Tuhan selalu berkati keluarga ini dan satu berkat luar biasa Tuhan hadirkan lagi dalam keluarga ini, mereka dikaruniai seorang anak lagi, laki- laki. Christo sangat bahagia, punya seorang adik laki- laki, yang berarti jadi teman mainnya. Mereka namai anak laki- laki putih dan sehat itu Daniel. Anak ini gagah, seperti Christo, menggemaskan.
Tahun demi tahun bergulir, tapi Daniel kecil belum juga bisa berbicara, jangankan berbicara, panggil mama pun belum bisa. Ibunya yang berkecimpung dalam dunia kesehatan, sudah coba ikut terapi ini dan itu, tapi hasilnya nol. Tapi, itu tidak membuat mereka cepat putus asa.
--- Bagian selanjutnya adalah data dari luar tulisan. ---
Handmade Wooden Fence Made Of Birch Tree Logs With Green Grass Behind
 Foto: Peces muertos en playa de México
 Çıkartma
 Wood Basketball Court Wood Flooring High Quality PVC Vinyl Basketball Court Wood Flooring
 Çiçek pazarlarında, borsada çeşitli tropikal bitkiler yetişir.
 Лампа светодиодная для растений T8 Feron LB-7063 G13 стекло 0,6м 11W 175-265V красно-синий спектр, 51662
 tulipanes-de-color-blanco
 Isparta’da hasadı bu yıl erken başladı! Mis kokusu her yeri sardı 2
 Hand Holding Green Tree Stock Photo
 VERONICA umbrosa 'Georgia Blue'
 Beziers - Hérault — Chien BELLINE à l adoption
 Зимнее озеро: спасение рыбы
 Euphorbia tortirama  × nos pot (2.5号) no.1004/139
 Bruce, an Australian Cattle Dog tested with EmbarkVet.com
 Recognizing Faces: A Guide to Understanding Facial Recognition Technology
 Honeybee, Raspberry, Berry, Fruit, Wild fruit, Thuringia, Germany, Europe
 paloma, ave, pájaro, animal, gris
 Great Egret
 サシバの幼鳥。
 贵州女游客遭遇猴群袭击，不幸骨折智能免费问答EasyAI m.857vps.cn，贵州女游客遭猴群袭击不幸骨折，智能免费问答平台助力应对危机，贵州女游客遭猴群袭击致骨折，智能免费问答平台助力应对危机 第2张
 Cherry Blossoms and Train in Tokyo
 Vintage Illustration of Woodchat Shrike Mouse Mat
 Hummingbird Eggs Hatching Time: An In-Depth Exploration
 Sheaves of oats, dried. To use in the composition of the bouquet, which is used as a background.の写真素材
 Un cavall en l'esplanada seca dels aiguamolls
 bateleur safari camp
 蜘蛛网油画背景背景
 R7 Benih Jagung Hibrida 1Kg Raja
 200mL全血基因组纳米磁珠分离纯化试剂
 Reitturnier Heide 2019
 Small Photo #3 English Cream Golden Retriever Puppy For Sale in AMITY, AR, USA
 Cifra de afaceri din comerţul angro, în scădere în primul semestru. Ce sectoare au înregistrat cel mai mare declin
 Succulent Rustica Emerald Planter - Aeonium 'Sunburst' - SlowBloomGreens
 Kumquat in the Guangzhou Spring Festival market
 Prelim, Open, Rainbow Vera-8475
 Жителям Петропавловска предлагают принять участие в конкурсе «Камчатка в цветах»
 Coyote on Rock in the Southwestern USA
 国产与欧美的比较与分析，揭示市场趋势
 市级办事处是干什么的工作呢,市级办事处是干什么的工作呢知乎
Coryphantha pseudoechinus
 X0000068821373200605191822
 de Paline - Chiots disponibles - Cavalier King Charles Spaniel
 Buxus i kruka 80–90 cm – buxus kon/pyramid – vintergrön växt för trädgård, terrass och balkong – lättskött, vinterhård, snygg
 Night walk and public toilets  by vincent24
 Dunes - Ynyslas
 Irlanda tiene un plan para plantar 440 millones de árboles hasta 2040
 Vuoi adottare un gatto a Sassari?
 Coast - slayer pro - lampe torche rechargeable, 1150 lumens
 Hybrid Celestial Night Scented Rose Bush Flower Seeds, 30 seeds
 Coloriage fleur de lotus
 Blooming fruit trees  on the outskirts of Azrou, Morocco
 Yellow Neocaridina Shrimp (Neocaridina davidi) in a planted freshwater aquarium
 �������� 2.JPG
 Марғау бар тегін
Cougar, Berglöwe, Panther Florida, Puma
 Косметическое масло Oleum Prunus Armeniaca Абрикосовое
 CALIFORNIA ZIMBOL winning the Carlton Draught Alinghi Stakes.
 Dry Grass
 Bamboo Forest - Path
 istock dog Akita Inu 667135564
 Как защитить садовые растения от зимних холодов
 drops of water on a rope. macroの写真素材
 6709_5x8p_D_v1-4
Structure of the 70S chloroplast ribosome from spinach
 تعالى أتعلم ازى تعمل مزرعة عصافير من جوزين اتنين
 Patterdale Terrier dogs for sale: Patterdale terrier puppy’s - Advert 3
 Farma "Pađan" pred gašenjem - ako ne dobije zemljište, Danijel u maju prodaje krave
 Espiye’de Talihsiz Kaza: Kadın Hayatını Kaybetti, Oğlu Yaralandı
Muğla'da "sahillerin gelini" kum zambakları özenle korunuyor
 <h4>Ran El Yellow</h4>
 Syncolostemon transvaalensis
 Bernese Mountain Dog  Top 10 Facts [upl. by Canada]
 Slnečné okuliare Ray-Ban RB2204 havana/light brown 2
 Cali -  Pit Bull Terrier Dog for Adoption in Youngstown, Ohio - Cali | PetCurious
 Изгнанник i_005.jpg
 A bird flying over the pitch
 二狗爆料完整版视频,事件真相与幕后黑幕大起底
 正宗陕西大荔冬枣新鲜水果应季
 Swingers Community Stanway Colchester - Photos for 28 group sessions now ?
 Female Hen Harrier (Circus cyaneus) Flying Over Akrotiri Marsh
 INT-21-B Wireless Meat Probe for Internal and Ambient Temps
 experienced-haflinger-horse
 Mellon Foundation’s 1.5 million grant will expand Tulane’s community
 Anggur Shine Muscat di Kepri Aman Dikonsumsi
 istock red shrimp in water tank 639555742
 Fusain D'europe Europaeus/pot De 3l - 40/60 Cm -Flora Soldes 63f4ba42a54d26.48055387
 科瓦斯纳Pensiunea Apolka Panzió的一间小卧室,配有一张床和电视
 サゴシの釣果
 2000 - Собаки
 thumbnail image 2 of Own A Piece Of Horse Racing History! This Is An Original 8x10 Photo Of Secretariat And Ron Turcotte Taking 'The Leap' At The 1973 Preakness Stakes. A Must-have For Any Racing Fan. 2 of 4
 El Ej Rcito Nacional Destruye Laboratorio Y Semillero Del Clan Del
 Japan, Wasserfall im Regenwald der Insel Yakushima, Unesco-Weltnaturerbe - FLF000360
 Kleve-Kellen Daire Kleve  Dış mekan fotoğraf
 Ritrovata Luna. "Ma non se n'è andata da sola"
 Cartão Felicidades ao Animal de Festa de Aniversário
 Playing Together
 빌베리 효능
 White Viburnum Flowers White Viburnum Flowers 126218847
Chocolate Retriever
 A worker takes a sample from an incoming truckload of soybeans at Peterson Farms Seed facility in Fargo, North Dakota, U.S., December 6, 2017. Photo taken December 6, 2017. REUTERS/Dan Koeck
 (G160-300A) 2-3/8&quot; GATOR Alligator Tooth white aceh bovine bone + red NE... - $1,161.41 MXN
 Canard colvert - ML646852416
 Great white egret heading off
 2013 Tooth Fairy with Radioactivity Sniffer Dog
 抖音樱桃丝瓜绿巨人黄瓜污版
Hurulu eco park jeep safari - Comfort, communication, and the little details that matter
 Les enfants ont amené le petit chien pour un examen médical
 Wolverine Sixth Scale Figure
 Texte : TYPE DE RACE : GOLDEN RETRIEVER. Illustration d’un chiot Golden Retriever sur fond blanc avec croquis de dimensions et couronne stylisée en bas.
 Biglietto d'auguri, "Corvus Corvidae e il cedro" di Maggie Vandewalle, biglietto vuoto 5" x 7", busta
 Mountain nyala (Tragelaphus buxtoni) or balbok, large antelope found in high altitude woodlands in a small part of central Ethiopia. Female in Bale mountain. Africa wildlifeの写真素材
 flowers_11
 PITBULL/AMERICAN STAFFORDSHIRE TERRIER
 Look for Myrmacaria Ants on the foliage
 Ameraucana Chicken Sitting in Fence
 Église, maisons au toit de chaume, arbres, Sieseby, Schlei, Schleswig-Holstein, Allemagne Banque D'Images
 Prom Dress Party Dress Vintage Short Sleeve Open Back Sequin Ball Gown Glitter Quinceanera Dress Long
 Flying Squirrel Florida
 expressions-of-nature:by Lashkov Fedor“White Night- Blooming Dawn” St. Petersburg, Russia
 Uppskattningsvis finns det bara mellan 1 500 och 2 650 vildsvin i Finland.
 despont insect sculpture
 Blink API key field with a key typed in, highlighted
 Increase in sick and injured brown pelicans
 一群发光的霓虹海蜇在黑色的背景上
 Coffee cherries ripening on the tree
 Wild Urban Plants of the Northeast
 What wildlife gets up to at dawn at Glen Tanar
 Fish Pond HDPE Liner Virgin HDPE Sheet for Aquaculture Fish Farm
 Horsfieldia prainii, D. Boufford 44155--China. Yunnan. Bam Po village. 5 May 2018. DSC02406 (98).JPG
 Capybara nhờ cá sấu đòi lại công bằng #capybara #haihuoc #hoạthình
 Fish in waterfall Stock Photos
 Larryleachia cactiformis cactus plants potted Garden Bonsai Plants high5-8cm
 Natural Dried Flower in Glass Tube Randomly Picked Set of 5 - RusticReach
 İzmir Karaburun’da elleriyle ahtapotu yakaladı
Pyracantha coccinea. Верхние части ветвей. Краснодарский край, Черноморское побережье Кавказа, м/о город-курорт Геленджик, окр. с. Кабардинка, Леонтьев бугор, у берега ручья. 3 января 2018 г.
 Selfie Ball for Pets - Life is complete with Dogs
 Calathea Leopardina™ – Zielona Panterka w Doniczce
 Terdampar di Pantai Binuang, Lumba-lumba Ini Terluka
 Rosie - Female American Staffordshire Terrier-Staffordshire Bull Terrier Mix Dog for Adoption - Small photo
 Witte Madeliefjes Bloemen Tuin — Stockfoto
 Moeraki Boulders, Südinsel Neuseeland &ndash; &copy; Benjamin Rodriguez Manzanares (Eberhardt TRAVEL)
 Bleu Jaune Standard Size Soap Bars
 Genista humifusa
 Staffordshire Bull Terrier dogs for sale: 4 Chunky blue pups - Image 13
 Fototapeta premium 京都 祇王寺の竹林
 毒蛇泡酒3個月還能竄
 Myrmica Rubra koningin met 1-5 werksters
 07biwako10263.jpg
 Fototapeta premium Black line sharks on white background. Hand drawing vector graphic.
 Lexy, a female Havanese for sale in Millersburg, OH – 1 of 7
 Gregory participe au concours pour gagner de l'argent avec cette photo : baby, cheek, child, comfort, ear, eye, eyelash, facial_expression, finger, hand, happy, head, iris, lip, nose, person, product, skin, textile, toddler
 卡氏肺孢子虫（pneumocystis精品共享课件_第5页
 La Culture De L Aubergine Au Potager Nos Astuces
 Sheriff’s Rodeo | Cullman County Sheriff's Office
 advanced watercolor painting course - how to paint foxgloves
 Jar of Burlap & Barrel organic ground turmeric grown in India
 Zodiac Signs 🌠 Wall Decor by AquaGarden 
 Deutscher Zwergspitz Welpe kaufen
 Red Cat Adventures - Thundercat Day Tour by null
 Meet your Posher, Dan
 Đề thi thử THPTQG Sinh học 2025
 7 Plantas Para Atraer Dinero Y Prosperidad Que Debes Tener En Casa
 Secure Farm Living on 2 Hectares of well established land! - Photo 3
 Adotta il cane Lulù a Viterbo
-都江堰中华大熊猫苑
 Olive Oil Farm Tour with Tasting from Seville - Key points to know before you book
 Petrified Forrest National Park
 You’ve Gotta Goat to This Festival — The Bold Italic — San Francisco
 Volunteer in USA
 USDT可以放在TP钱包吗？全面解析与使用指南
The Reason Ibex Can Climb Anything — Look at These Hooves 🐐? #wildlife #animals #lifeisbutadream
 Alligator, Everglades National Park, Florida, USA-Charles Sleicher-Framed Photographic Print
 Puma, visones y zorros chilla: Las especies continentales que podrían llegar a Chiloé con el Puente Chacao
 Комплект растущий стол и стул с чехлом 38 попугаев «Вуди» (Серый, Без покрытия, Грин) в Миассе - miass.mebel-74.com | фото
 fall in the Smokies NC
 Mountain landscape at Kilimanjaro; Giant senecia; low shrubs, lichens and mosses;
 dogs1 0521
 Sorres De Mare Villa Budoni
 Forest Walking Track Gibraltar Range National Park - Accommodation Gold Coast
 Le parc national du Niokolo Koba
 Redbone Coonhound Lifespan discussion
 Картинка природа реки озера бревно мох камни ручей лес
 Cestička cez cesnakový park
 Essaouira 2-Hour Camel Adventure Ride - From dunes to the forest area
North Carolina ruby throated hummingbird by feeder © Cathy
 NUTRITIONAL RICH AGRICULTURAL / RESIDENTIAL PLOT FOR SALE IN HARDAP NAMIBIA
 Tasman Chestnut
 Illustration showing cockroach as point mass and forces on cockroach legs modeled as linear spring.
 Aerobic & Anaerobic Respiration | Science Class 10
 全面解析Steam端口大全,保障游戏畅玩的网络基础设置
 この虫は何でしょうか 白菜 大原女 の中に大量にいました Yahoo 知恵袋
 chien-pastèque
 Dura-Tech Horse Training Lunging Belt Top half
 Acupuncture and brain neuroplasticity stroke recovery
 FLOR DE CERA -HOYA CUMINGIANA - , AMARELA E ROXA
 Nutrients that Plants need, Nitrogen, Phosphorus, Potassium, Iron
Mereka tetap memfasilitasi anaknya ini engan berbagai terapi dan tidak lupa selalu dibawa dalam doa. Mereka terus berdoa, seorang pendeta yang dengan sabar terus melayani dan mendoakan Daniel juga dengan telaten berdoa buat Daniel. Ketika hampir memasuki usia lima tahun, Daniel pun berbicara, hanya beberapa kata, dan saat mendengarnya aku terperangah yang keluar dari mulutnya adalah kata- kata “Aku percaya”. Sungguh luar biasa, mungkin ia tidak tahu apa yang ia katakan, tapi satu hal yang aku yakini, kata- kata itu merupakan doa dari bocah lima tahun yang belum bisa berbicara, namun ia percaya sepenuhnya kepada SIAPA ia berpegang.